45:03 - 6:52/mile for the loop, 6:32/mile total
Am I too happy for 19.65 miles in? Maybe I need to learn to suffer (or not)
It was nice to have the family cheering section again as I got back to the park. I was pretty far off pace at this point, but at least I was feeling encouraged now by being on the final lap.
And then the wind got relentless.
Which did a fairly decent job at destroying my newly acquired 'bell lap' motivation. 6.55 miles is kind of a long bell lap by the way…just fyi.
This is where 5 inch leaves were blasting me in the face repeatedly.
Then rounding a corner trying to pick it up only to have a 50 mph (estimate) gust nearly stop all progress.
Then finally getting back to the ponds only to see them fully windblown with waves and the trees and leaves going crazy everywhere.
I can't complain about the sun and temperature, even if the wind was brutal
Just kept plugging along. Looked down at the watch periodically to see the pace in the 8 min. range. Tried to pick it up and at least get it back to the 7's.
I pretty much threw in the towel on the 6 minute range 5 or 6 wind gusts prior.
The 22 mile face
Going north under the Arapahoe tunnel for the final time was twice as hard as the previous time. All the wind being focused directly down the tube in my face.
Oddly enough, 1/4 mile up the hill the wind was at my back.
1.5 miles to go and I've got myself a solid tailwind.

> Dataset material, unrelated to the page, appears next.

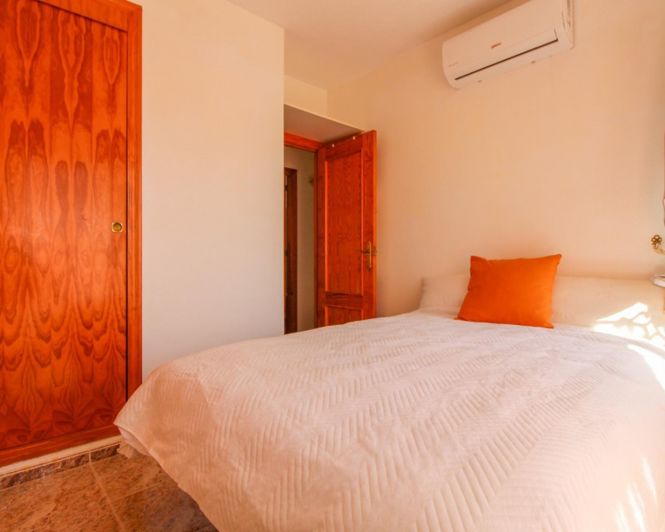 Image No.20-2 Bed Townhouse for sale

And it was pushing me for about 1/2 mile which was extremely nice and much appreciated at that point!
But it was too little too late to even come close to salvaging the original goal. And anyway I made a left turn and the tailwind was gone.
I was able to cover the last mile in about a 6:30 though, thanks to Steve.
Pick it up, nobody has ever regretted going too hard in the last half mile.
The truth of that statement made me laugh to myself. And I was finally capable of picking it up again.
Finished: 48:46 - 7:26/mile for the loop, 2:57:19 total - 6:45/mile average total.
Finishing is nice.
And of course it's all grins and goaties when you finish a marathon.
Though I didn't hit my initial goal, I was fine with it for a couple reasons.
- I didn't know what to expect. I gave my best attempt at a goal time and went for it. It didn't work out. Now I know better what to expect for the next time.
- That wind was rough!
My observations post Marathon
Loop running can be kind of challenging mentally.
I can use work on the mental middle game.
My legs aren't sore the next day, and I can easily run up and down the stairs at home. That tells me my mind and not my body was the limiting factor.
I think I needed to set a new goal at mile 16.1 when I realized 2:45 was out the window, in order to find new motivation. My mind didn’t have much to work with at that point.
A solo time trial effort is a very different animal than an organized race.
I have a lot more respect for the marathon today.
The Free Fall Marathon?
Would I do that again? Sure, why not? I thoroughly enjoyed training for it, and the price was right! But I do want to do an actual marathon event sometime...perhaps this spring even.